Two-piece expansion clips consist of two interlocking components that allow for thermal expansion and contraction of the metal panels. The base of the clip is fastened to the roof deck, while the top/tab attaches to the metal panel. This design permits the panel to move along the clip’s length, accommodating the natural expansion and contraction of metal due to temperature changes without warping or damaging the panel.

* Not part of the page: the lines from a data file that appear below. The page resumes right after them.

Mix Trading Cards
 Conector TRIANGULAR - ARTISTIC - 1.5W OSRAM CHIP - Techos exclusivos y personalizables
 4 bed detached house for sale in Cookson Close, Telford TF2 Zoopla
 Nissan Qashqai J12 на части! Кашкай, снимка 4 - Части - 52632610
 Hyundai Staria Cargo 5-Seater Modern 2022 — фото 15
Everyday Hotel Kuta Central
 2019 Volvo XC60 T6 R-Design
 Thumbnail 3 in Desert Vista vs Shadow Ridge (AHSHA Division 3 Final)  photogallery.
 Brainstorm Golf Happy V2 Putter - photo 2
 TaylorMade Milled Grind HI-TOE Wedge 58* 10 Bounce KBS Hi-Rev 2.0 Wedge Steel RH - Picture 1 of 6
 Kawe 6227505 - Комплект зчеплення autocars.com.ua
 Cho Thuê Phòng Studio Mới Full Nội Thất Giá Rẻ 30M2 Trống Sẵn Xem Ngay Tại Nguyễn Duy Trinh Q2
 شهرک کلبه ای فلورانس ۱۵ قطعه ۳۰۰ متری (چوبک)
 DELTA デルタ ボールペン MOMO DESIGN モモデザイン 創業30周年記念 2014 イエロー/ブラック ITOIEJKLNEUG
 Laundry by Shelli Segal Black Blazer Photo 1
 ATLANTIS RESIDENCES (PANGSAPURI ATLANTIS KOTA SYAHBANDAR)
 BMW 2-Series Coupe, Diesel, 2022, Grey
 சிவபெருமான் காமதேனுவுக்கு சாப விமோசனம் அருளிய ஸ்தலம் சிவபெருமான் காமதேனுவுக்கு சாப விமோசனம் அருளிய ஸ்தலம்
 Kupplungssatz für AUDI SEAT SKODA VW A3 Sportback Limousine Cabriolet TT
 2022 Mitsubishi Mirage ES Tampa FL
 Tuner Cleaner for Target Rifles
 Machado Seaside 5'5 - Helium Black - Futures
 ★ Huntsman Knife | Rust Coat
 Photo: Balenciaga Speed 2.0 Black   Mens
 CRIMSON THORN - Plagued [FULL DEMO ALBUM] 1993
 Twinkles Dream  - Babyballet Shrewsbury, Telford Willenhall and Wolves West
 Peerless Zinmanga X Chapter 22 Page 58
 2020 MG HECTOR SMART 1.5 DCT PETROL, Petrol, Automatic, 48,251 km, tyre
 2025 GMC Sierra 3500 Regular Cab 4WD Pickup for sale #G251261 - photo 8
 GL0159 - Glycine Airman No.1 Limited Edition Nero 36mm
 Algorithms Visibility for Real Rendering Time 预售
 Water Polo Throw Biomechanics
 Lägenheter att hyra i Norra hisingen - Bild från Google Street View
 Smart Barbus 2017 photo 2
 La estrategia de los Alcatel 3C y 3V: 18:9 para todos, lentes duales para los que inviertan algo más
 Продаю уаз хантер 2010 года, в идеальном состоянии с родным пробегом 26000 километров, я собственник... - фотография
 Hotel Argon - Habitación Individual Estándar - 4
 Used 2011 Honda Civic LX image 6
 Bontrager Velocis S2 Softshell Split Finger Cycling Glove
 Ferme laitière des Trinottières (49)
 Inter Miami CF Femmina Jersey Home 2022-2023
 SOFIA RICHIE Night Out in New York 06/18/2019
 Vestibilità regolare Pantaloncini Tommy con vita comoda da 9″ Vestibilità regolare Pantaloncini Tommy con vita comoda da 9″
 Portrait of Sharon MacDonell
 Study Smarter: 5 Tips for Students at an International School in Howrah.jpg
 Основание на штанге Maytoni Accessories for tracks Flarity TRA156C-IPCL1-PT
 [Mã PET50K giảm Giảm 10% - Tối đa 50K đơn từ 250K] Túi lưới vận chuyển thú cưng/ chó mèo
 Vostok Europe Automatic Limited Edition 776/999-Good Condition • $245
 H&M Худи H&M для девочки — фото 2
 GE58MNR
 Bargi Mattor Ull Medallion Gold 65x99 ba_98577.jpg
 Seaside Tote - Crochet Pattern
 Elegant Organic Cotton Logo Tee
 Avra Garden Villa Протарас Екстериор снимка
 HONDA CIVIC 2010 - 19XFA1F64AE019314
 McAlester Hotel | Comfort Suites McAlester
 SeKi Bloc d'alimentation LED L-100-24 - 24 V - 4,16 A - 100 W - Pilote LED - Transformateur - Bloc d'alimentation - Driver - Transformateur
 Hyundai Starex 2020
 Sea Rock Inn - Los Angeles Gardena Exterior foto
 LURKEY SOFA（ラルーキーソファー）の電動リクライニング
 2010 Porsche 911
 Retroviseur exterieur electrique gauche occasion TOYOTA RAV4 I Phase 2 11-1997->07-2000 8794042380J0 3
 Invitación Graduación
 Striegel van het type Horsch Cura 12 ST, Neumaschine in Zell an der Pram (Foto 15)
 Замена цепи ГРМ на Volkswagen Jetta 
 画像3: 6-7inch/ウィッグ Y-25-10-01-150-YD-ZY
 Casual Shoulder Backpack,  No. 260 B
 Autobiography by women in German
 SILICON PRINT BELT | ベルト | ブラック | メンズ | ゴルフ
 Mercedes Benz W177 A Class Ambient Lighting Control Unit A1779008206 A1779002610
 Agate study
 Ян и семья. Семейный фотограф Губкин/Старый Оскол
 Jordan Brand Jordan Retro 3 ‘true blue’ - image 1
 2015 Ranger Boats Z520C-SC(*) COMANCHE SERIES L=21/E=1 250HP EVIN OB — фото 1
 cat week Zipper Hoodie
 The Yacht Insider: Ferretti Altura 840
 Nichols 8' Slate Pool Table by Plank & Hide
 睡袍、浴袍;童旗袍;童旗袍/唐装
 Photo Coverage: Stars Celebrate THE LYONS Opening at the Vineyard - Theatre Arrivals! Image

This ability to move can help prevent oil canning, or the visible waviness in the flat areas of metal roofing and wall panels. By allowing for thermal movement, two-piece expansion clips help maintain the roof’s aesthetic appearance and structural integrity over time, as the seams expand in hot temperatures and contract in cold temperatures. These clips are especially crucial for long panel runs where significant expansion and contraction can occur.

Two-piece expansion clip
Two-piece expansion clip

Fixed Clips

In contrast, fixed clips rigidly secure the metal panels to the roof deck and do not move with the panel t. These clips are cheaper than their two-piece counterparts but come with limitations. Fixed clips are suitable for shorter panel lengths, generally not exceeding 20′ for mechanically seamed panels, to minimize the risk of oil canning and panel distortion due to thermal expansion. Fixed clips are standard for snaplock panel systems as snaplock systems are designed to accommodate thermal movement independent from the clip.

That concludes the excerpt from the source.